A Night at the Circus

A Night at the Circus

or: The Night I Brought Down the Big Top

Honest folks, I don't have Colossus on the brain. It's just the way the commissions crumble.

The following story is 99 44/100 % true.

The Night I Brought Down the Big Top at the Ringling Brothers, Barnum and Bailey Circus!

Years ago, when the world was young, the gang decides to go see the Circus. We have pretty good seats. Close enough to the floor for one of the clowns to take a fancy towards a young lady in the group.

Coming off the floor and into the stands, he declares his undying devotion for the young lady with much theatrical gesticulation and mime and begs a kiss. The young lady rolls up into a ball of embarrassment and giggles and waves the clown away. With slumping shoulders the clown shuffles sadly back to the floor. The crowd reacts sadly, "Awwwwwww..."

Some minutes later the clown is back. This time with gifts in the form of a large bouquet of flowers. He again gestures his never ending love and again he is rebuffed. Not with embarrassment and giggles but with knitted brow. The flowers wilt. With lowered head  the clown hides his tearful eyes behind his forearm and again retreats to the floor in forlorn defeat. The crowd is not happy, "Aw, c'mon, Lady! Give the clown a kiss!"

A few moments later, he's back.
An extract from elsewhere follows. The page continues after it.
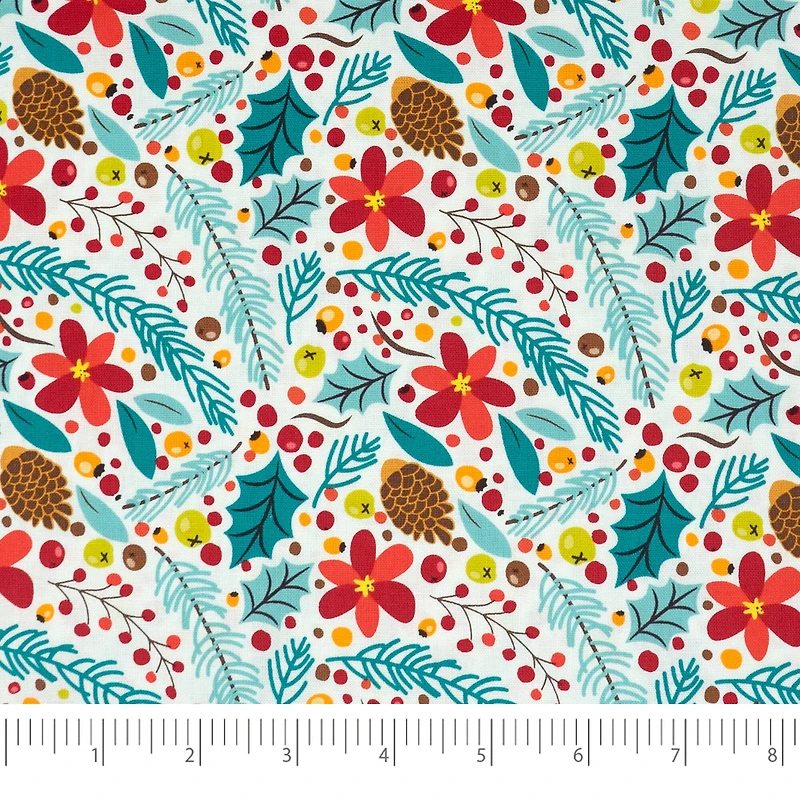 SINGER Christmas Floral Aqua 5 Piece Fat Quarter Bundle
This time with a giant heart necklace complete with coocoo bird popping in and out. With sweeping gestures he indicates that all that she can survey is hers if she'll just favor him with a kiss. This time the young lady is simply pissed off. As he leans in, I grab his face between my hands, stand us both straight up and plant a big, fat, kiss square on his huge, red, lips! The crowd goes wild, "YEAAAAAAA!!!!
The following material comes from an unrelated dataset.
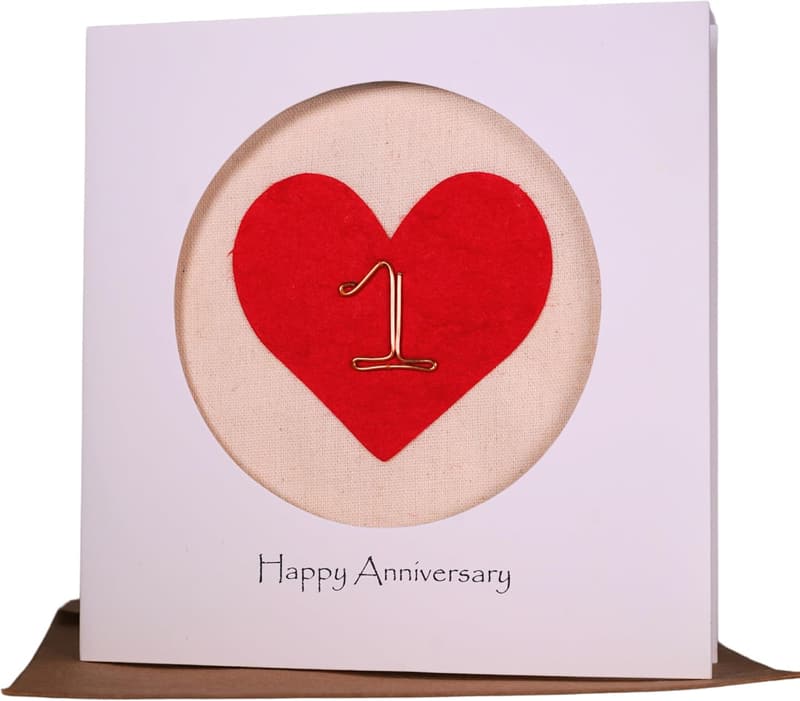 1st Wedding Anniversary Handmade Card for Couples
To his credit, the clown never breaks character or misses a beat. He stumbles backwards, waving his arms and wiping his face, falls backward over the rail and belly flops on the circus floor. He gets up and runs in floppy, clown-like, fashion to the clown ambulance to wash his face in a bucket of water only to douse himself in confetti.
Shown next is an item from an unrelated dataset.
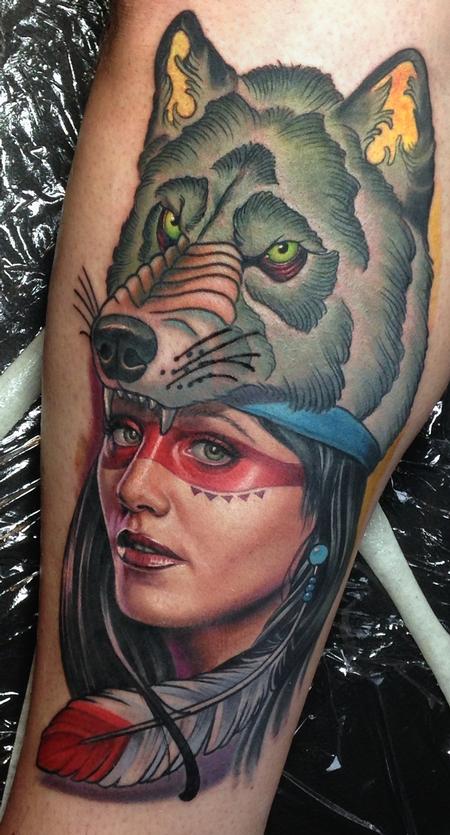 Colored Wolf Girl Tattoo On Leg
Thunderous applause rains down on me as, with upraised arms, I salute the four corners of the auditorium.  

And everyone got up and went home... OK that part didn't happen but, it may as well have because that was the biggest laugh of the night if I say so myself. And I just did.

Wash those hands, put on your @#$%! masks and go get spiked... or I'll KISS you, right on your big, red, clown lips!